Eux, ils se préparent férocement à 2017, nous, nous n’avons que Marine, et rien que Marine… Par Robert Albarède

Publié le 5 Août 2014

C’est une évidence: les véritables maîtres de l’espace économique, politique et médiatique national, éléments constituants des oligarchies financières mondialistes internationales et apatrides, ont acté une double réalité et se préparent à l’échéance de 2017 en essayant de « garder la main » afin de poursuivre la politique mondialiste, européiste, immigrationniste et atlantiste qu’ils impulsent depuis plus de 40 ans par un bipartisme imposé et un scrutin électoral biaisé.

Pour Riposte-Laïque

Pour eux, Hollande est disqualifié (et avec lui le PS dont les 14% aux européennes mesurent la réelle influence) et Marine Le Pen sera au second tour de l’élection présidentielle.

Il s’agit donc d’assurer la relève qui continuera dans le sens impulsé depuis Maastricht (pour rester dans un passé relativement proche) tout en écartant toutes les velléités de remise en cause d’un système politique qui fonctionne au mensonge permanent, à la propagande  la plus éhontée portée par des media « à la botte » et au foin fourni, à la falsification de l’Histoire, à l’endormissement de l’esprit critique des citoyens, à la disparition même du citoyen dans un magmas multiculturel obligé par l’apport de cultures et de religions rétrogrades et séparatistes (suivez mon regard vers l’islam, svp!)..

Pour cela, tous les scénarios sont sur la table, comme on dit dans la novlangue, y compris celui de laisser gagner Marine Le Pen afin de la détruire ensuite en essayant de tout bloquer et en organisant un « chaos » artificiel propice à toutes les aventures.

Un premier sondage pour 2017 (1) conforte cette réflexion: certes, ce n’est qu’un sondage, mais il vérifie les 15 à 18 % d’opinions favorables recueillies dans de précédentes enquêtes par le scootériste casqué de l’Elysée dont les frémissements compassionnels des bajoues quand il instrumentalise un simple accident d’avion masquent mal la posture hypocrite et ne permettent en rien l’avancée de la cote de popularité.

Hollande est « lessivé » et, avec lui, ceux qui sont allés au gouvernement pour avoir un tremplin électoral, le Valls comme le Montebourg, dont les dents avides rêvent de racler les salons de l’Elysée et qui viennent d’être disqualifiés, entraînés par la chute de leur « chef » . La Aubry-Brochen, restée à l’abri pendant que ses « petits copains » se font canarder, doit boire du petit lait.

Elle aurait tort de se réjouir, car, à savoir que Marine sera au second tour, les véritables maîtres de l’espace économique et politique national ont d’autres cordes à leur arc… et la marionnette élyséenne aussi.

Les premiers peuvent faire resurgir un « sauveur » à la Sarkozy (même si les gouvernants d’aujourd’hui remuent justice et média complices pour le discréditer, mais quand un incapable prébendier impuissant à régler les vrais problèmes bave sur un autre qui l’a précédé, ça n’entraîne pas les foules…) ou mieux susciter une sorte de voie médiane avec « le centre », une partie de l’UMP moribonde, un morceau important du PS libéralisé , de manière à renvoyer sur les « bords » et Marine et les criards de la « gôche » dont le rôle de soutien est terminé (ils serviront toujours à prôner l’immigration tous azimuts qui nourrit le patronat et détruit le vrai peuple!) et à qui il ne va rester que quelques os à ronger…

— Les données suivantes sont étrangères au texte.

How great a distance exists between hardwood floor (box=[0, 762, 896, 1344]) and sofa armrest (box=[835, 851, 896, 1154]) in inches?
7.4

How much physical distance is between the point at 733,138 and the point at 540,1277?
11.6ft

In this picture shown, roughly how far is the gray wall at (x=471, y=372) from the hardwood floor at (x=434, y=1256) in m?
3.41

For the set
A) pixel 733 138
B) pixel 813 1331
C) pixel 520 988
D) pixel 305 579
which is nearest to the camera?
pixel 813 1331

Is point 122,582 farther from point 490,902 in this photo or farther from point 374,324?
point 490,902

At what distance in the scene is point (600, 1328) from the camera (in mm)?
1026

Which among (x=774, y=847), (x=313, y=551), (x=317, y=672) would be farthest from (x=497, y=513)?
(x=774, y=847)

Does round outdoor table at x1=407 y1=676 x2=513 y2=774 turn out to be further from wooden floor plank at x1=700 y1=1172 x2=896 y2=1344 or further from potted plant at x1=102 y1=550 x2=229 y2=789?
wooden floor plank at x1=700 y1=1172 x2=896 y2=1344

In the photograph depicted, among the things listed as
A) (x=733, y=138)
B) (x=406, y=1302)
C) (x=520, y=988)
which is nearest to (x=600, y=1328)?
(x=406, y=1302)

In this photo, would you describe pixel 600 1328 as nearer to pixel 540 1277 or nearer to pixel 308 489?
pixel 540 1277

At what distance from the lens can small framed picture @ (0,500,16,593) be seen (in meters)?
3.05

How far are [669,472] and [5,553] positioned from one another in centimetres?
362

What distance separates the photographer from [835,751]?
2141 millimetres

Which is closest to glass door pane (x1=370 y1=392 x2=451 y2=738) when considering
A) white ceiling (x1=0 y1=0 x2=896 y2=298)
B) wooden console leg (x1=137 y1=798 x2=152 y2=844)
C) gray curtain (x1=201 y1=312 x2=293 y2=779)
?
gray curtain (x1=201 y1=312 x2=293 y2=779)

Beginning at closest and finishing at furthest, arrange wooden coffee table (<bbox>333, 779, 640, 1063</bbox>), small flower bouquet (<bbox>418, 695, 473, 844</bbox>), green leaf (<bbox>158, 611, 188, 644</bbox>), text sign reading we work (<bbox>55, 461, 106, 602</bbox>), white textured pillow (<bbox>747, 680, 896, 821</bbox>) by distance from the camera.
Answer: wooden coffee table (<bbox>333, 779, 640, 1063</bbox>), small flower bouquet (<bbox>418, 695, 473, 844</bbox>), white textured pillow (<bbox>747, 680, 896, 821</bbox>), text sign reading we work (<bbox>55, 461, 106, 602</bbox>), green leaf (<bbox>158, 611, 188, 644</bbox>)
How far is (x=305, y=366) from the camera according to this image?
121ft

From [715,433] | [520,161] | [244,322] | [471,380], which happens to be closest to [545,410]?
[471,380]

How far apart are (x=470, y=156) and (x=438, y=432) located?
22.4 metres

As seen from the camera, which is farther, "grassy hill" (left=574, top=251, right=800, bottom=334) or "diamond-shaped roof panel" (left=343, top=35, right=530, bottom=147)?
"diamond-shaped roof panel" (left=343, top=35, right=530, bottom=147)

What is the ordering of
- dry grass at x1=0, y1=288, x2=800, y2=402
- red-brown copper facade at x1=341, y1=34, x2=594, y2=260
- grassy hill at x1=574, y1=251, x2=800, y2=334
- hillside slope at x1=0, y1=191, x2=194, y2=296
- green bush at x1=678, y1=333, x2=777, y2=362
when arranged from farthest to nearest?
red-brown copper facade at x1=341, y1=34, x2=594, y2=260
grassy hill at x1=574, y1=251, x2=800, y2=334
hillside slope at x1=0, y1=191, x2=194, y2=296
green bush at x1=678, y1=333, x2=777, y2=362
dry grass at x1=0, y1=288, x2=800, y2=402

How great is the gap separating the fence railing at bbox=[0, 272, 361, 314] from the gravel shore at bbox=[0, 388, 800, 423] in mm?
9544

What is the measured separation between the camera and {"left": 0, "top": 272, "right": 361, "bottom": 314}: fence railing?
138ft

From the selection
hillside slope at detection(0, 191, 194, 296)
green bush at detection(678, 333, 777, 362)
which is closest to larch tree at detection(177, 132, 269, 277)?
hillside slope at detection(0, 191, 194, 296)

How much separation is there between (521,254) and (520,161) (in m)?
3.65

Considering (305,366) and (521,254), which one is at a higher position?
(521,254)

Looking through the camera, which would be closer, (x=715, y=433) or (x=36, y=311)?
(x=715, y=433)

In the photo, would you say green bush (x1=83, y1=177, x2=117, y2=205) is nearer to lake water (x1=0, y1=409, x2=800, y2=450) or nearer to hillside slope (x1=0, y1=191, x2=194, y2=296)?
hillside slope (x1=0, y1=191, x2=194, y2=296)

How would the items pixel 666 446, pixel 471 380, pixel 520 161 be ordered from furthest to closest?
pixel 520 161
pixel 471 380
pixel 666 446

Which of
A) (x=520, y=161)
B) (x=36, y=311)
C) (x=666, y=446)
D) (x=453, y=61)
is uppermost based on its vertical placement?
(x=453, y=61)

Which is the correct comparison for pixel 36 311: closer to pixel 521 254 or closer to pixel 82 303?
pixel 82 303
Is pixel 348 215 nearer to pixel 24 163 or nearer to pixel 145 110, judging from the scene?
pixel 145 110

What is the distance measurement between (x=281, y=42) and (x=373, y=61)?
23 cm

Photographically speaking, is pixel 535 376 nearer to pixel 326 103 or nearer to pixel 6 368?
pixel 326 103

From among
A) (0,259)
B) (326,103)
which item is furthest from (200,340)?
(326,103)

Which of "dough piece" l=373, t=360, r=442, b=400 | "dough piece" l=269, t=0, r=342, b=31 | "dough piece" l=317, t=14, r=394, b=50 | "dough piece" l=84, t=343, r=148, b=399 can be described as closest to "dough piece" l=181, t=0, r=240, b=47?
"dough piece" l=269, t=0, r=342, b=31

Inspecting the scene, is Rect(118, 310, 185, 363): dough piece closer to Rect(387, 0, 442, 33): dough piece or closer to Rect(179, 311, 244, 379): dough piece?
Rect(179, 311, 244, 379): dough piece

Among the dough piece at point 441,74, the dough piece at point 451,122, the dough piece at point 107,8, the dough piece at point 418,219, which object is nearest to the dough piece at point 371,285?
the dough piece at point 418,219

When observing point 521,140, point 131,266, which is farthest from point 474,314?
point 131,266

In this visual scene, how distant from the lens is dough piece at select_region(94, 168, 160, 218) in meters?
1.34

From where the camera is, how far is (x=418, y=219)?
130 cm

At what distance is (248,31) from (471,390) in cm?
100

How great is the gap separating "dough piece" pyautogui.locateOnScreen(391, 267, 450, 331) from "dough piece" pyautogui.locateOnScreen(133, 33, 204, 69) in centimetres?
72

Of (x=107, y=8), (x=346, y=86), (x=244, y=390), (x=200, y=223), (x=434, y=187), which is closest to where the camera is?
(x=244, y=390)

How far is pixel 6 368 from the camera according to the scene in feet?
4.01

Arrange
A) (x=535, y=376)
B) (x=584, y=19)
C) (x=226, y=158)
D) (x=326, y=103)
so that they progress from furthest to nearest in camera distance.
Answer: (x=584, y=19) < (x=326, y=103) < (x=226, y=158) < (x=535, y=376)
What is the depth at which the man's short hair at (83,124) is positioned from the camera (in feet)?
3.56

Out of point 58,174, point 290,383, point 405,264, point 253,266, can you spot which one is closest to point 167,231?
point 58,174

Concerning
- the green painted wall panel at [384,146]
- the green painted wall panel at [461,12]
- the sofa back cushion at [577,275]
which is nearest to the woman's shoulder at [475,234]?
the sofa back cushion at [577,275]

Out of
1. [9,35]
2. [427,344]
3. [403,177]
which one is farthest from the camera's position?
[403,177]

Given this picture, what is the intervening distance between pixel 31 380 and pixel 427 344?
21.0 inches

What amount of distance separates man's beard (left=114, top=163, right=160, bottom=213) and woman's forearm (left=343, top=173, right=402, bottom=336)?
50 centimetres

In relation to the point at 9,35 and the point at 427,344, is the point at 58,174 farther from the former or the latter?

Cette « voie médiane » peut aussi naître d’une dissolution amenant une sorte de « gouvernement d’union nationale » se mettant en place quelques mois avant le scrutin de 2017 et appelant « au rassemblement pour sortir de la crise, du marasme, de la dette » bref, de ce qui sera à la mode à ce moment là.

Un éditorial récent de « Valeurs Actuelles » (numéro : 4052 ) imaginait Hollande imposant « la proportionnelle » pour les prochaines législatives, celles qui suivront la présidentielle, afin de faire exploser le paysage politique français et de créer les conditions politiques de l’échec du futur élu, Marine ou le représentant de la « droite-centre », le socialiste pur et dur étant exclu d’ores et déjà.

Tout est envisageable, mais on remarquera que, dans tous les cas de figure, le Peuple est oublié et les citoyens écartés! Ce ne sont, dans l’esprit des « dominants », que de simples machines à voter.

On est loin, à travers ces calculs et mises en place stratégiques, des intérêts à maintenir et à conforter du Peuple de France…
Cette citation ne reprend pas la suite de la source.